No Pressure

Dear 24 Hours of Spa,

How are you doing? I’m fine and I hope you are too. I know we haven’t spoken in a while. It must have been about a year. I guess the silence has been mostly my fault. I wasn’t very nice to you in 2015, when it rained heavily during all the days of your event. I can particularly remember the Saturday. By the time I got back to the hotel, my socks were soaked, there was a centimetre of water in my backpack, and even my skin was wet. I know I used some very choice words then, especially as I was wringing out my backpack, but I hope you know I didn’t mean them. I was just very tired. That was all. I swear!

Right now it’s my biggest wish that things between us can go back to how they were before. Not just because I genuinely want to rekindle our friendship, but also because I need your help. (And when I say ‘I’, I technically mean ‘me and all endurance fans everywhere’). You see, it’s been a tough season for 24-hour racing.

At the 24 Hours of the Nürburgring, the weather was deplorable. Hail balls cannoned from the skies; and at one point there was even snow! But the real hitch of the event was the finish. Some fifteen minutes before the end of the race various strange things happened within the Mercedes camp, which lead to the two frontrunners switching places on the last lap and the eventual number two-finishers accusing the winners of ignoring team orders and claiming they’d been robbed off the victory. One of the drivers of the number two-car even refused to go on the podium and only one of them showed up for the press conference. The mud-throwing went on for days afterwards, tainting the entire race.

At the 24 Hours of Le Mans, the finish wasn’t a much more cheerful affair. Toyota had looked set to claim their first victory – at last, after all those decades of trying! – but a lousy three minutes before the clock hit zero their car broke down. The looks of the Toyota crew as they were watching it happen on tv were heart-breaking, especially if you know that this wasn’t the first time this happened to them. (In 1994 a transmission problem ended their victory dreams 90 minutes before the finish.) I’m one of those nerds who frequently cries at the end of a 24-hour race, but I swear this is the one and only time I cried for sheer sadness.

And all that, my dearest 24 Hours of Spa, is what brings me to you. You’re the only remaining European around-the-clock endurance race left in 2016. After the anger of the Nürburgring and the heartache of Le Mans, my fellow race fans and I could honestly do with a dose of proper racing topped off with some no-nonsense, unmitigated happiness at the finish line.
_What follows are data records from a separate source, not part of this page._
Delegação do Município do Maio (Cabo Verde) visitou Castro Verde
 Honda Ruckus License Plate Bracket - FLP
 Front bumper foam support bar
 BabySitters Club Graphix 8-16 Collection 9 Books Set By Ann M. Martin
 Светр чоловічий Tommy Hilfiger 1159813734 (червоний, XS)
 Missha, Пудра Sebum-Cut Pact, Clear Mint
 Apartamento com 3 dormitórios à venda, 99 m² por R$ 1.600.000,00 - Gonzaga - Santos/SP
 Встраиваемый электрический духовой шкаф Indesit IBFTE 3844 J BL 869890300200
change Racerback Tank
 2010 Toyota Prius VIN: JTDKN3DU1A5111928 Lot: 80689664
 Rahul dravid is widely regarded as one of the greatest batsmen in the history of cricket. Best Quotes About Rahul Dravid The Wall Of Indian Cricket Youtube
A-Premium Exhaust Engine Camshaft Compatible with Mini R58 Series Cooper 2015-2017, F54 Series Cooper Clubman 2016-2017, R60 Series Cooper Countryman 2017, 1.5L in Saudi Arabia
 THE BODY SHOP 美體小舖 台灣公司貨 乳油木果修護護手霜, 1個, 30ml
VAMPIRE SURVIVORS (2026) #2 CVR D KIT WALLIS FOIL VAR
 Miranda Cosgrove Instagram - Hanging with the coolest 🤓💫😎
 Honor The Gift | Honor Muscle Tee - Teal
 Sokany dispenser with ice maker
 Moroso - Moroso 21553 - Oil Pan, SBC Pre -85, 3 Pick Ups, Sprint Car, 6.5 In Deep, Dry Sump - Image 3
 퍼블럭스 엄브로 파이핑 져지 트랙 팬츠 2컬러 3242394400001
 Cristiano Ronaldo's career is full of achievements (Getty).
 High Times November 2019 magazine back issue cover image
I know the proper racing-bit probably won’t be too difficult for you. However, I am hereby officially begging you: please try – really try – to give us a nice finish, without fights, without heart-rending drama, and with a winning car that has deserved the victory without a single doubt. I don’t want to put pressure on you, but me and the other endurance fans around the world are putting all our hopes on you. Please, please make it work. Please?